The title of Woody Allen’s latest film translates as “a lucky break,” and that’s an apt enough way to characterize his ability to line up a team of French producers to help him finance this, his 50th feature film. There have been reports in Variety and elsewhere about urban cinephiles setting up clandestine, invitation-only screenings of the film in the basements of bars, presumably a kind of protest against a “cancel culture” that prevents Allen’s films from getting the treatment these fans think they deserve. Well, they needn’t have bothered. Not only is Coup de Chance receiving an actual American release (courtesy of MPI Media Group), but there is very little apart from the French language that sets Coup de Chance apart from a number of much better Allen productions.

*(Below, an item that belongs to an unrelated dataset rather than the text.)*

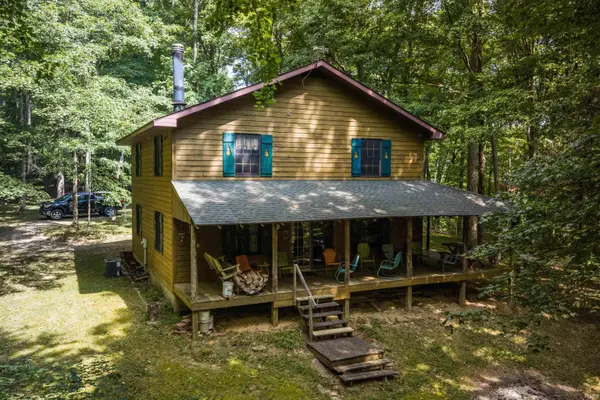 11420 E Merkel RD, Celestine, IN 47521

In fact, this film is such a shameless rehash that it’s fair to wonder whether it was actually an old script, or even a previous draft of Match Point, the film it most closely resembles. But Allen aficionados will also detect thundering echoes of Crimes and Misdemeanors, and even a soupçon of Cassandra’s Dream. And while the Parisian setting might suggest that Allen has taken a logical next step from the European tourism of Midnight in Paris, Vicky Cristina Barcelona, and (ugh) To Rome with Love, there’s actually very little in this film that could not have just as easily transpired on the streets of New York, assuming he could avoid being pelted with garbage.

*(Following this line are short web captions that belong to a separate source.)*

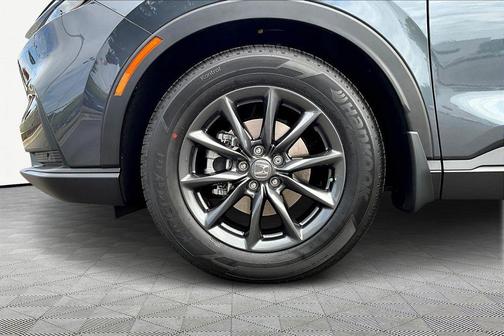 2026 Honda CR-V EX-L 2WD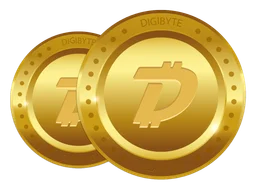 Digibyte logo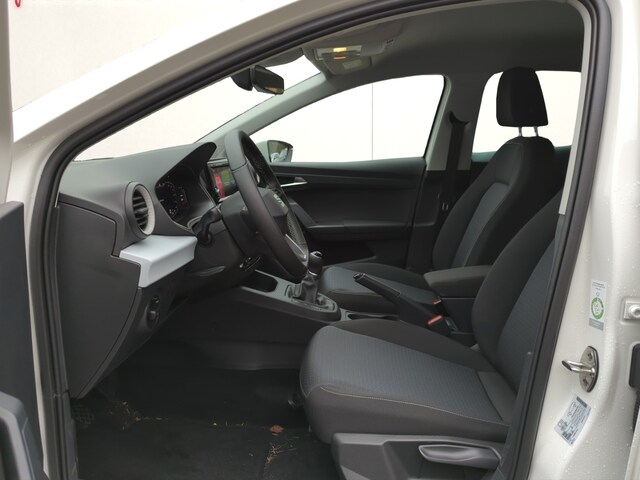 Seat Ibiza 1.0 TSI Style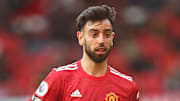 Manchester United v Fulham - Premier League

Stop me if you’ve heard this one before: Fanny (Lou de Laâge) is a young gallery worker married to Jean (Melvil Poupaud), an affable but mysterious millionaire. (When asked about his job, he simply says: “I help make rich people richer.”) The marriage is reasonably happy, even though Fanny feels a bit like Jean’s “trophy wife” (an expression that the French speakers use in English, as a kind of derogatory loaner word). By chance, Fanny runs into an old college friend, Alain (Niels Schneider), who doesn’t hold back, explaining that he’s always harbored a massive crush on Fanny. Before long, they have started having an affair, something Jean figures out rather quickly. (Fanny is a lousy liar.) And so, this shady rich guy makes some calls, taking matters into his own hands.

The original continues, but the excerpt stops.